• To do: Each record below must be written out exactly as given.

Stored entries
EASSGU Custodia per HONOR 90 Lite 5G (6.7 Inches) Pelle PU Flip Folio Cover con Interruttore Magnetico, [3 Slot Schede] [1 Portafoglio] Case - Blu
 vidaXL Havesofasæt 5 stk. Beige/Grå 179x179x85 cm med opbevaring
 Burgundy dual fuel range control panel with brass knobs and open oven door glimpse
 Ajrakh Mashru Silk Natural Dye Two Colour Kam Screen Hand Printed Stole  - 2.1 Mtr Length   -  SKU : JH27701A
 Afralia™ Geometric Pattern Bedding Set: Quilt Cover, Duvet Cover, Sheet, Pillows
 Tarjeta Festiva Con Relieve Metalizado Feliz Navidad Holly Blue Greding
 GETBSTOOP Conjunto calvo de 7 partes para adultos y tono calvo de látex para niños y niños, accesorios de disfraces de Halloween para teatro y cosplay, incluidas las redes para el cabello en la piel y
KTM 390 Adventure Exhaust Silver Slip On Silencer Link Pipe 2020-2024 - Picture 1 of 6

• Expected answer:
EASSGU Custodia per HONOR 90 Lite 5G (6.7 Inches) Pelle PU Flip Folio Cover con Interruttore Magnetico, [3 Slot Schede] [1 Portafoglio] Case - Blu
 vidaXL Havesofasæt 5 stk. Beige/Grå 179x179x85 cm med opbevaring
 Burgundy dual fuel range control panel with brass knobs and open oven door glimpse
 Ajrakh Mashru Silk Natural Dye Two Colour Kam Screen Hand Printed Stole  - 2.1 Mtr Length   -  SKU : JH27701A
 Afralia™ Geometric Pattern Bedding Set: Quilt Cover, Duvet Cover, Sheet, Pillows
 Tarjeta Festiva Con Relieve Metalizado Feliz Navidad Holly Blue Greding
 GETBSTOOP Conjunto calvo de 7 partes para adultos y tono calvo de látex para niños y niños, accesorios de disfraces de Halloween para teatro y cosplay, incluidas las redes para el cabello en la piel y
KTM 390 Adventure Exhaust Silver Slip On Silencer Link Pipe 2020-2024 - Picture 1 of 6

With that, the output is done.